Given data:
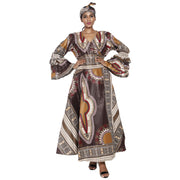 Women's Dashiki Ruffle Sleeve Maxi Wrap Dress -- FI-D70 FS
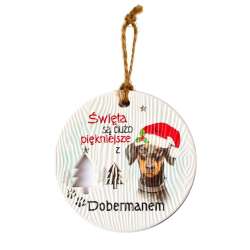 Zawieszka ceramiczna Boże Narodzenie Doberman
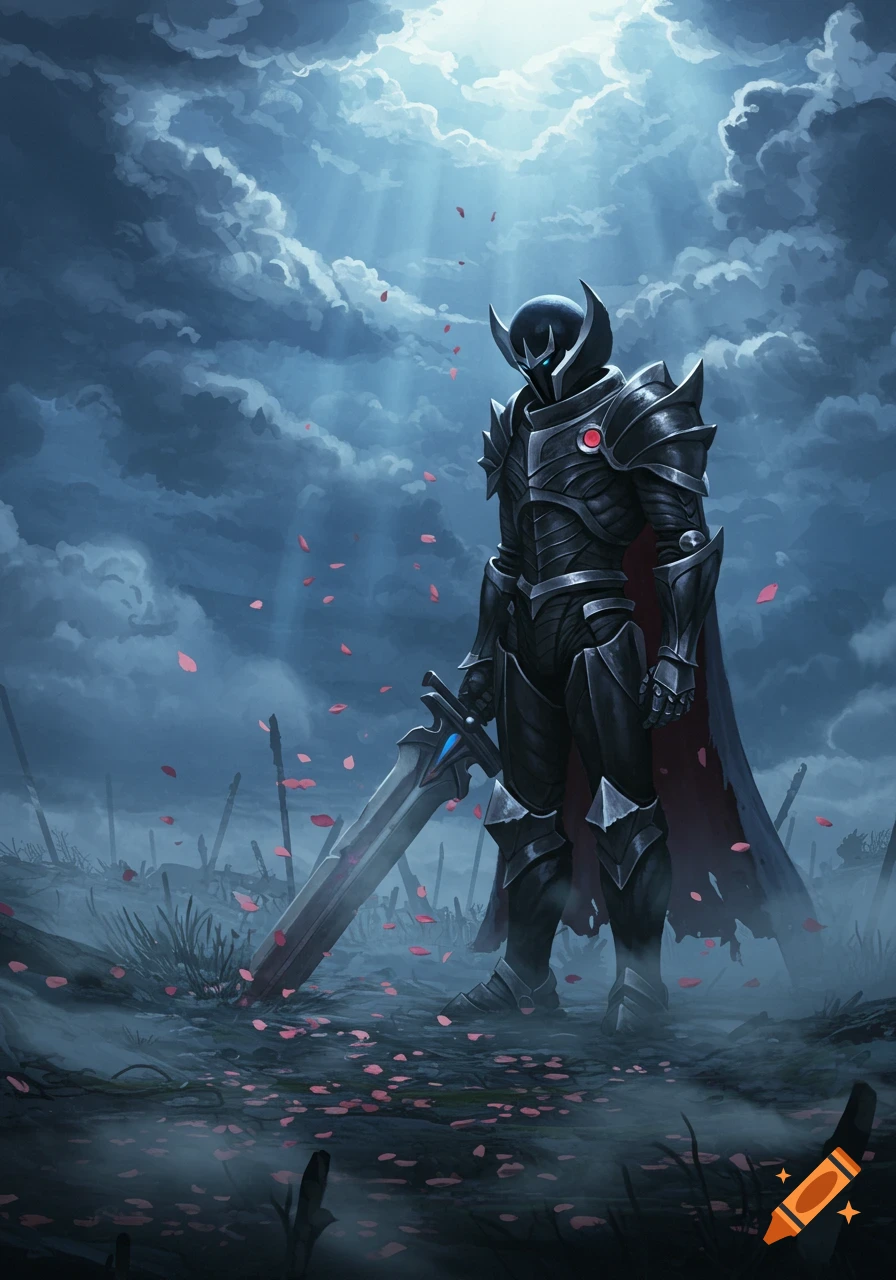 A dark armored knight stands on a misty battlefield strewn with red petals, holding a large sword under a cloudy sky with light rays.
--
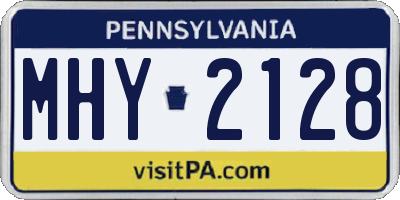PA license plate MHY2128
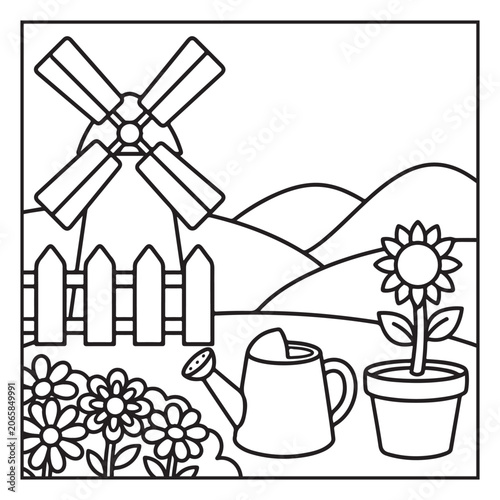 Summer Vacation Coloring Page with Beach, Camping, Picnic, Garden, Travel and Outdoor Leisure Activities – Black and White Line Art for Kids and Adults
==
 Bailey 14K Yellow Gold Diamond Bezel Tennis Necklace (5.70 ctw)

Task details: When copying from the data above, print only the lines from the line containing "Women's Dashiki Ruffle" to the line containing "A dark armored", exactly, and leave the pictures out.

Response to the task:
 Women's Dashiki Ruffle Sleeve Maxi Wrap Dress -- FI-D70 FS
 Zawieszka ceramiczna Boże Narodzenie Doberman
 A dark armored knight stands on a misty battlefield strewn with red petals, holding a large sword under a cloudy sky with light rays.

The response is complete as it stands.